(RECORDS SHOWN Opens)

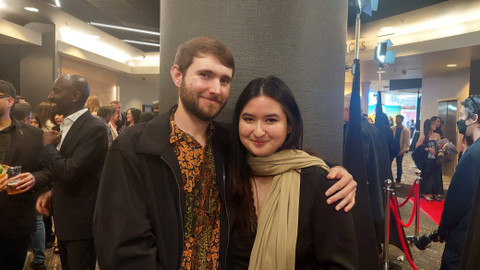 Stephanie Poetri dan kekasihnya di Gala Premier Badarawuhi Di Desa Penari, Century City AMC Theater Los Angeles, California, Kamis (4/4/2024). Foto: Caroline Pramantie/kumparan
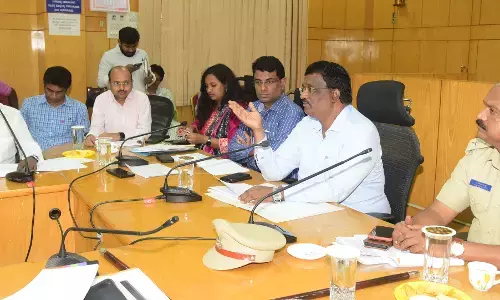 ತುಮಕೂರು ಜಿಲ್ಲೆಯಲ್ಲಿರುವ 2,436 ದೇವಸ್ಥಾನಗಳಲ್ಲಿ ದಲಿತರಿಗೆ ಪ್ರವೇಶ ನಿರಾಕರಣೆ: ಕಾನೂನು ಕ್ರಮಕ್ಕೆ ಡಿಸಿ ಕೆ.ಶ್ರೀನಿವಾಸ್‌ ಸೂಚನೆ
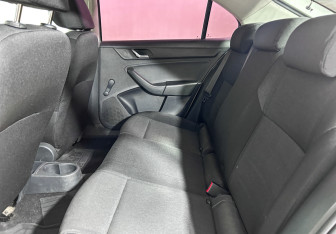 Подержанный автомобиль Skoda Rapid Liftback 2016 года (9 фото)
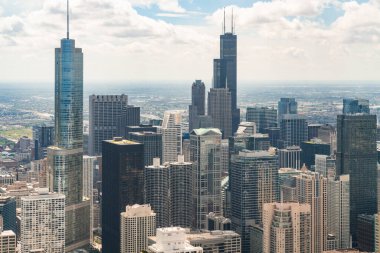 Chicago şehir merkezinin gündüz vakti havadan panoramik görüntüsü, Illinois, ABD. Finans bölgesindeki gökdelenlerin, gökdelenlerin kuş bakışı görüntüsü. Parlak bir iş çevresi..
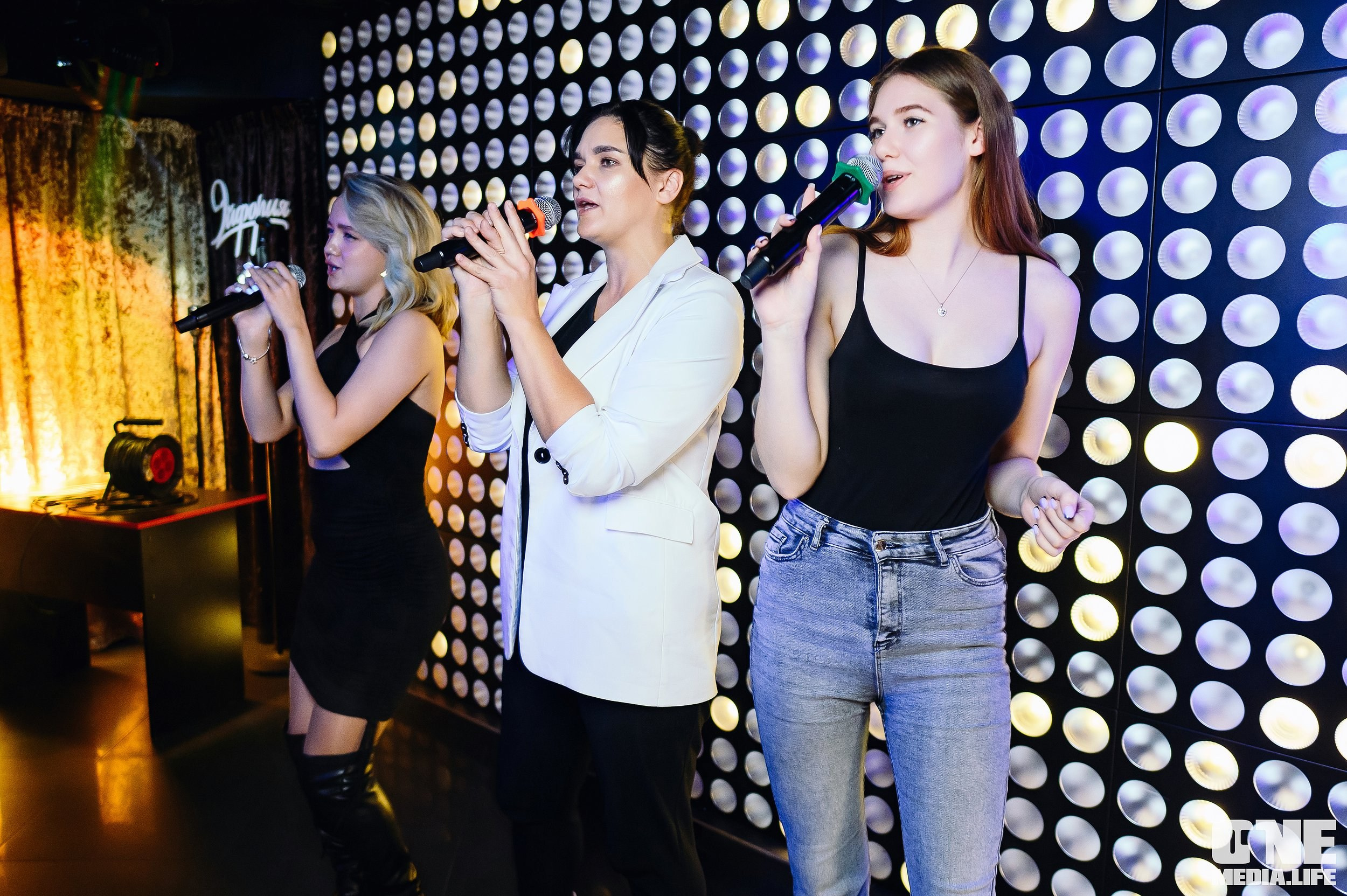 Фоторепортаж из караоке-клуба Эйфория. One Media Life: фоторепортажи, фотоотчеты с мероприятий и заведений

(RECORDS SHOWN Closes)

An exact copy of the entries, minus the pictures, is what to return.

 Stephanie Poetri dan kekasihnya di Gala Premier Badarawuhi Di Desa Penari, Century City AMC Theater Los Angeles, California, Kamis (4/4/2024). Foto: Caroline Pramantie/kumparan
 ತುಮಕೂರು ಜಿಲ್ಲೆಯಲ್ಲಿರುವ 2,436 ದೇವಸ್ಥಾನಗಳಲ್ಲಿ ದಲಿತರಿಗೆ ಪ್ರವೇಶ ನಿರಾಕರಣೆ: ಕಾನೂನು ಕ್ರಮಕ್ಕೆ ಡಿಸಿ ಕೆ.ಶ್ರೀನಿವಾಸ್‌ ಸೂಚನೆ
 Подержанный автомобиль Skoda Rapid Liftback 2016 года (9 фото)
 Chicago şehir merkezinin gündüz vakti havadan panoramik görüntüsü, Illinois, ABD. Finans bölgesindeki gökdelenlerin, gökdelenlerin kuş bakışı görüntüsü. Parlak bir iş çevresi..
 Фоторепортаж из караоке-клуба Эйфория. One Media Life: фоторепортажи, фотоотчеты с мероприятий и заведений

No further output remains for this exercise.